You may find this little self indulgent angst session really tedious so please feel free to ignore.
How do you decide whether to continue working or not? Whilst unhappy with current situation I am incapable of making a decision, and increasingly frustrated with myself for letting the status quo continue.
*I work 30 hours per week (have been doing so since dd was 6 months old, now 15 months old)
*I spend a lot of time at work on the internet because I find work incredibly dull, unrewarding etc and have zero motivation.
*However I enjoy the gossip with my colleagues!

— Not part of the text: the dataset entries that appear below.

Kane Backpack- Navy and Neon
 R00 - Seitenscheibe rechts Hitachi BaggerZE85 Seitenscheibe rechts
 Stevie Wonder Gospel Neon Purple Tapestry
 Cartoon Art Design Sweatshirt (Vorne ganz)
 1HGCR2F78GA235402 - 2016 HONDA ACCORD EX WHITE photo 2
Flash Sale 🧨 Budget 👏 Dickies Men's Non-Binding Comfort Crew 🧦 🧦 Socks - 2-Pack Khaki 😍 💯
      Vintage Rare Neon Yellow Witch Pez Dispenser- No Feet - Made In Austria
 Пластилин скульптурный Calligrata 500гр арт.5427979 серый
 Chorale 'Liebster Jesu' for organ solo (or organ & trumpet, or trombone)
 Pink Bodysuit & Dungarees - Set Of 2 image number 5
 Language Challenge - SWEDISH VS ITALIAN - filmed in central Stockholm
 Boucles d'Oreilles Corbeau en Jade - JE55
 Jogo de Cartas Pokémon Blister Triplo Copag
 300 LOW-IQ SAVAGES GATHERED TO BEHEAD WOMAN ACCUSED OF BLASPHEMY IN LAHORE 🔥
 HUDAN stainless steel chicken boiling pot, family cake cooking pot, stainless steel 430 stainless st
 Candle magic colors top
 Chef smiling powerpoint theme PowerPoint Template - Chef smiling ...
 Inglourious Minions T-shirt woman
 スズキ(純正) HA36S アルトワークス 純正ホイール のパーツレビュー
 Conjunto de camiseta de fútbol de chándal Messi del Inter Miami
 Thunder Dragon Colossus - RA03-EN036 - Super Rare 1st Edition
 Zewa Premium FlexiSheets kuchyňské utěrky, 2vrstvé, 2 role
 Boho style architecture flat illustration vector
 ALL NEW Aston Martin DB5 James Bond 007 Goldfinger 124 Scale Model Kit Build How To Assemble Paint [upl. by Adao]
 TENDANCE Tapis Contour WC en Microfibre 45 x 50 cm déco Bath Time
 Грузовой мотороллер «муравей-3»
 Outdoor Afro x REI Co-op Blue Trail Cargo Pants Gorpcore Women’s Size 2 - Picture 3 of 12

*My gross pay pre tax, whilst not exceptional etc is quite good. So perhaps the pay is adequate compensation for being bored and disatisfied at work
*We have a big mortgage (£320,000 left to pay)and I worry about selfishly putting the 'burden for this solely on dh.Dh definitely would be stressed and worried as the sole breadwinner - he is that sort of personality
*I like to have the freedom not to have to think and worry about money, and if I gave up work things would be tight
*however as well as being bored at work, I also miss my dd and think she would get more out of spending more time with me than she does being at Day Nursery 30 hours per week
*also worry that if I was a full time SAHM this would drive me insane and that I am not a good enough mum to cope with demands of a small child 24:7
So I keep going around circles. In short money is good but I am bored shiles and miss dd. Worry about impact on dh if I quit. Also worry if I am up to the job of being a full time SAHM. It would be just great if decision was taken out of my hands and I was made redundant!!
Can anybody identify with this or similar scenario and what did you do?